Replies: 9   Last Post: Oct 6, 2017 1:37 AM

 Messages: [ Previous | Next ]
 bursejan@gmail.com Posts: 5,511 Registered: 9/25/16
Re: The objects that Newton played with were called infinite series
but had ZERO to do with infinity.

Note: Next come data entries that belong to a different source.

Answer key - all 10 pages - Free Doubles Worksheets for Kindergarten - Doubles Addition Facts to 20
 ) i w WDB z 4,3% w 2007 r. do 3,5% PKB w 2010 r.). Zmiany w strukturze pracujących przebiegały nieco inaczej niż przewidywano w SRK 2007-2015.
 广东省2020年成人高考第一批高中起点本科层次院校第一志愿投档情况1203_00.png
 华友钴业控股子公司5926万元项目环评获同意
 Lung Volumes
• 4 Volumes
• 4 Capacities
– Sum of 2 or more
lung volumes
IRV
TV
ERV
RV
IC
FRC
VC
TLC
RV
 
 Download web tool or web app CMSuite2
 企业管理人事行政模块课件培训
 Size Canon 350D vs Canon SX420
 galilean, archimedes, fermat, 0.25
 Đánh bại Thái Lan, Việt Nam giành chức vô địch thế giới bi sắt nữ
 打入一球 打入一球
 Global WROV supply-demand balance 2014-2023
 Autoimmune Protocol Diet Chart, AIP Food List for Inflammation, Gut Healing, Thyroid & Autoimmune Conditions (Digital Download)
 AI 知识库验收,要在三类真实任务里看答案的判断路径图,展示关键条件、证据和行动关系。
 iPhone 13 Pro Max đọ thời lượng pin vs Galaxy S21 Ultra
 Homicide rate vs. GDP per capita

The name infinite series is a misnomer.

Posted: Sep 30, 2017 2:26 PM

We can apply the theorem blindly to the two
examples of John Gabriel, since we proved it

s = 1/2 + 1/4 + 1/8 + ... = 1

t = 1/3 + 1/9 + 1/27 + ... = 1/2

Now the partial sums are:

s_n = 1 - 2^(-n)

t_n = 1/2*(1 - 3^(-n))

The product partial sums are:

s_n*t_n = 1/2*(1 - 2^(-n) - 3^(-n) + 6^(-2n))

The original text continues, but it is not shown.